Some of the changes to Form ADV can be justified as necessary to gather information from the larger private funds that now must register with the Commission. These changes are likely appropriate, given our expanded authority over these new registrants. But the release makes minimal effort to distinguish between the reporting requirements imposed on registrants who may pose systemic risk and investor protection issues and those exempt reporting advisers who do not. Indeed, the release’s approach appears designed to avoid having to make such judgments. Further, although only proposing certain items on Form ADV at this time, the release queries whether all of Form ADV should be required for exempt reporting advisers.

Consistent with the regulatory approach for registered advisers, the release also goes on to propose the public availability of reporting information from exempt reporting advisers via the IARD website. I similarly have concerns about the sufficiency of the rationale offered to extend this requirement to venture capital fund advisers given that investors in these funds are almost exclusively institutional investors or high-wealth individuals.

While it may be possible to be satisfied that responding to some of the Form ADV items currently proposed will not impose significant costs, that misses the broader concern I have: A proposed regulatory regime that contemplates exams and active oversight will inevitably require these exempt advisers to absorb the additional costs of robust compliance functions and associated compliance personnel.

This is particularly concerning given the significance venture capital funds have for capital formation. This overall approach threatens to make it more costly and burdensome to advise a venture capital fund without a strong corresponding regulatory purpose or rationale. Indeed, as a 2009 Group of Thirty report explicitly recognized, “venture capital funds, dealing by their nature with small companies and providing essential capital and managerial support for entrepreneurial innovation, need to be free of inhibiting oversight.”2

I believe that with this release we have eroded the significance of being exempted from registration so far as to make it a distinction without a difference. This seems a rather odd result given Congress’s apparent interest in exempting these advisers from the regulatory burdens associated with registration under the Advisers Act.

At a minimum, I hope that Congress will look closely at the rules we are proposing and the implications of the statute as written. Clarification in this area would be extremely useful to the Commission and would provide clarity and certainty to our markets, which is important to encourage future investments and capital formation.
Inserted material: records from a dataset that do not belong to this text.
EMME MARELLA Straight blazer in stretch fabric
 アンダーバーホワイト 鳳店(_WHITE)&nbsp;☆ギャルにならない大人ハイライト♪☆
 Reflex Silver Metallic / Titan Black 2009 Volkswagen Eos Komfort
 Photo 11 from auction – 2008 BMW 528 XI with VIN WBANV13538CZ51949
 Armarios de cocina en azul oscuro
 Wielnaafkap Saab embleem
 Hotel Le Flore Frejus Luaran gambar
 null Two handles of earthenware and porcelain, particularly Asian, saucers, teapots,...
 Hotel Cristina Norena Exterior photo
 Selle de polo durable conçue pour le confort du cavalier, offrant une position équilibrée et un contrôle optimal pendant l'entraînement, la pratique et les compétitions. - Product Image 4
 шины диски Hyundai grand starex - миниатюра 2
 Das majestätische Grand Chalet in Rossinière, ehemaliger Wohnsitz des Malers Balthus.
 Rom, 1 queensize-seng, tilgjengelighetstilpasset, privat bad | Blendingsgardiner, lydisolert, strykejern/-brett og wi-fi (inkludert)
In conclusion, I wish briefly to note a few areas in which I am particularly interested in the views of commenters. First, as a general matter, I would be interested in whether commenters believe that the proposed definition of venture capital fund will allow for innovation in this space, while keeping in mind Congress’s goal to limit the exemption to those funds that do not pose the same potential systemic or regulatory risks as other private funds. Second, I encourage feedback on whether the proposed rule’s approach to bridge financing offers sufficient flexibility to funds and portfolio companies. And third — and this is relevant to both releases — I hope the Commission will receive robust comment on the proposed requirement that advisers use the fair valuation method to value regulatory assets under management for purposes of Form ADV.

Thank you again, and I have no questions.


1 See S. Rep. No. 111-176, at 74, 75 (2010).